Guillaume Désanges will present his project “Les Vigiles, les menteurs, les rêveurs” (now shown at the Centre d’Art le Plateau-FRAC, Ile-de-France, Paris), in which he confronts contemporary ways of witnessing events with a range of historically engaged art practices, such as the works originated within the French socialist realism or the Medvedkine groups’ work.
Guillaume Désanges is a free-lance curator and art critic, co-founder of Work Method, a Paris based agency for artistic projects. Member of the editorial board of Trouble, he collaborates with the magazines Exit Express and Exit Book (Madrid). He coordinated the artistic projects of Laboratoires d’Aubervilliers (2001-2007). In 2007-2008, he is invited curator at Centre d’Art Contemporain La Tôlerie.
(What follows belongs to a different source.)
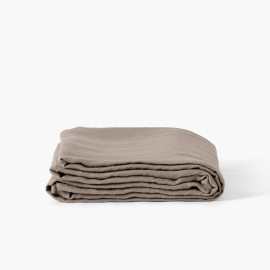 Songe taupe washed linen bed sheet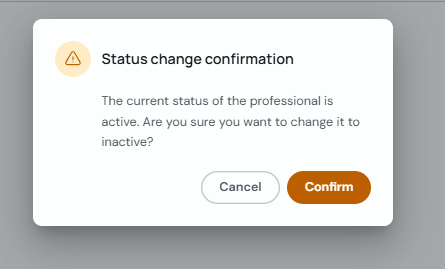 Confirmation modal to change a professional to inactive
In 2009-2011, he is invited curator at centre d’art le Plateau Frac Ile-de-France, Paris, for a 2 years programmation.
Martha Kirsenbaum’s proposes a glimpse upon young polish creators, questioning the presence or absence of a communist heritage in polish emerging artists’ works and their response abroad, particularly in the United States.
Martha Kirszenbaum is the current curator-in-residence at the Center for Contemporary Art in Warsaw (Poland). She has previously assisted the chief curator of the Photography Department at Centre Pompidou in Paris, and worked as research assistant at the New Museum in New York. As an independent curator, Martha Kirszenbaum has organized numerous exhibitions, including NineteenEightyFour, recently presented at the Austrian Cultural Forum in New York.
The Soviet filmography, literature and certain philosophical schools of the 60-s, reinterpreting the revolutionary genealogy and rereading Marxist theory after Stalinism, will be at the center of Keti Chukhrov’s analysis of the de-alienation and Metanoya dimensions of “the communist” in art.
Keti Chukhrov is an art theorist and philosopher, PhD in comparative literature, post-doctoral fellow of Moscow Philosophy Institute of Academy of Sciences, editor of Logos-Altera Publishers; writer for Moscow Art Magazine; and author of numerous publications in various Russian and foreign editions most recently in the catalogs of the Istanbul Biennial 2009, Gender Check. Femininity and Masculinity in the Art of Eastern Europe, 2009 and the ongoing Former West project.
This seminar aims at presenting various works that recast ideas related to communism and revisit it as a complex and diverse arena of political and aesthetic attitudes, which varied between nations, communities and historical periods. By no means does the seminar intends to take a nostalgic tour through the past decades, but rather seeks to address the topic through concrete art and exhibition projects realized recently. All of them are trying to deconstruct the idea of monolith, still very present in today’s reception, and to recuperate various episodes, stories and notably, the "communist apocrypha" - texts, music, visual production - which have never been part of the established ideological canon, and whose intellectual patterns shed new light on what the contemporary uses of the notion of communism might be.
Instead of treating communism as pure political abstraction, the projects presented by the seminar deal with concepts, events and/or particular personalities related to communism and its history which have survived the Bildersturm of therecent past and can be artistically reactivated.